- **Task requirements**:
All entries must come back exactly as given, with no pictures in the copy.

----

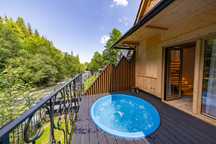 Domek z jacuzzzi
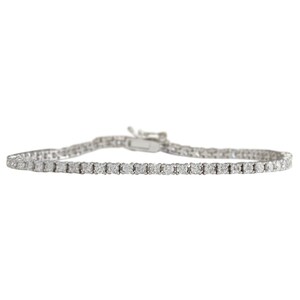 ブレスレット STONEHENgE XOXO 14K Diamond Bracelet 2.1 Ctw Natural Diamond XOXO Bracelet / Wide Pave Bracelet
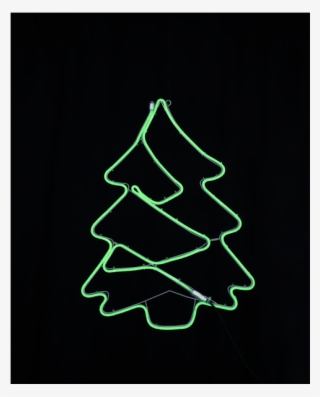 Silhouette Neoled - Christmas Tree #9393777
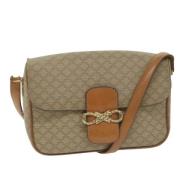 Celine Vintage Pre-owned Canvas celine-vskor Beige, Dam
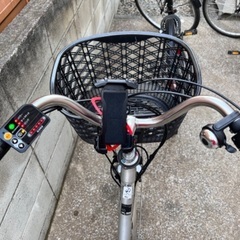 自動アシスト自転車
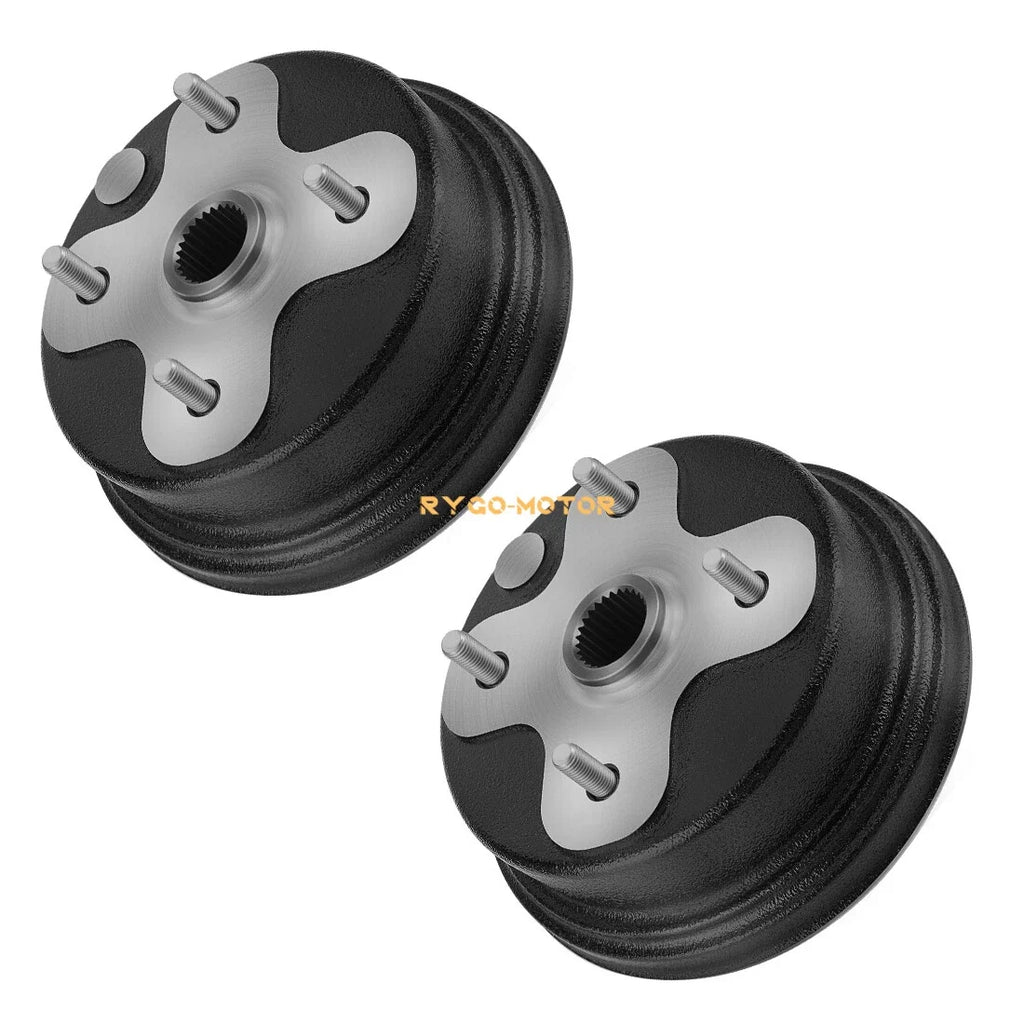 2X Brake Drum Hub for Yamaha Timberwolf 250 (1992–1998) YFB250FW YFB250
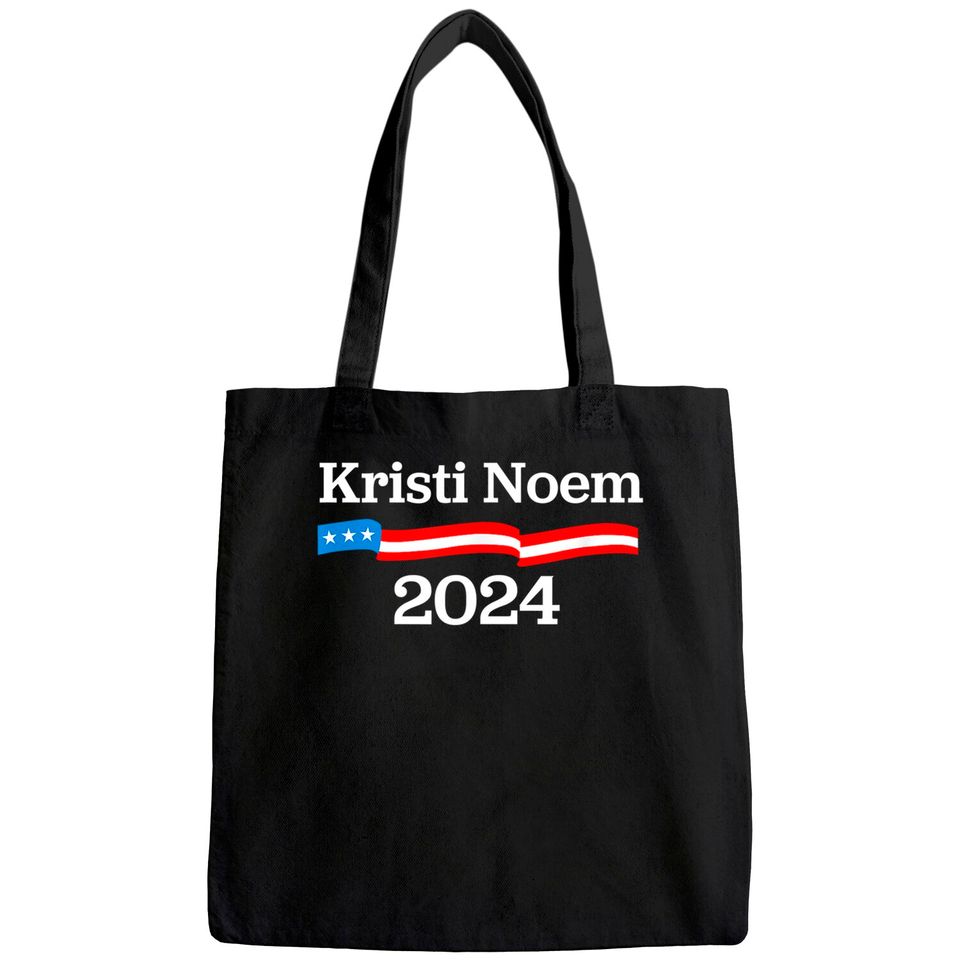 Kristi Noem for President 2024 Campaign Tote Bag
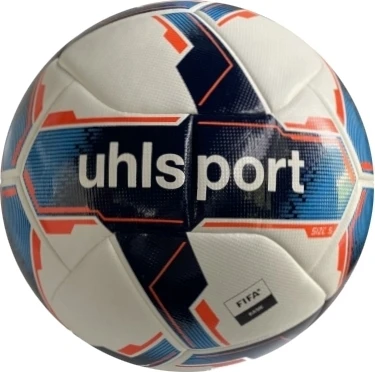 Футбольний м'яч Uhlsport ELITE PRO TRAINING ADDGLUE біло-синьо-жовтогарячий Розмір 5 1001751 01 2000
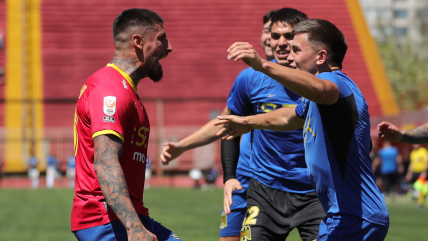   Jeraldino lideró el vital triunfo de Unión Española para salir de la zona de descenso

----

- **Task response**:
 Domek z jacuzzzi
 ブレスレット STONEHENgE XOXO 14K Diamond Bracelet 2.1 Ctw Natural Diamond XOXO Bracelet / Wide Pave Bracelet
 Silhouette Neoled - Christmas Tree #9393777
 Celine Vintage Pre-owned Canvas celine-vskor Beige, Dam
 自動アシスト自転車
 2X Brake Drum Hub for Yamaha Timberwolf 250 (1992–1998) YFB250FW YFB250
 Kristi Noem for President 2024 Campaign Tote Bag
 Футбольний м'яч Uhlsport ELITE PRO TRAINING ADDGLUE біло-синьо-жовтогарячий Розмір 5 1001751 01 2000
   Jeraldino lideró el vital triunfo de Unión Española para salir de la zona de descenso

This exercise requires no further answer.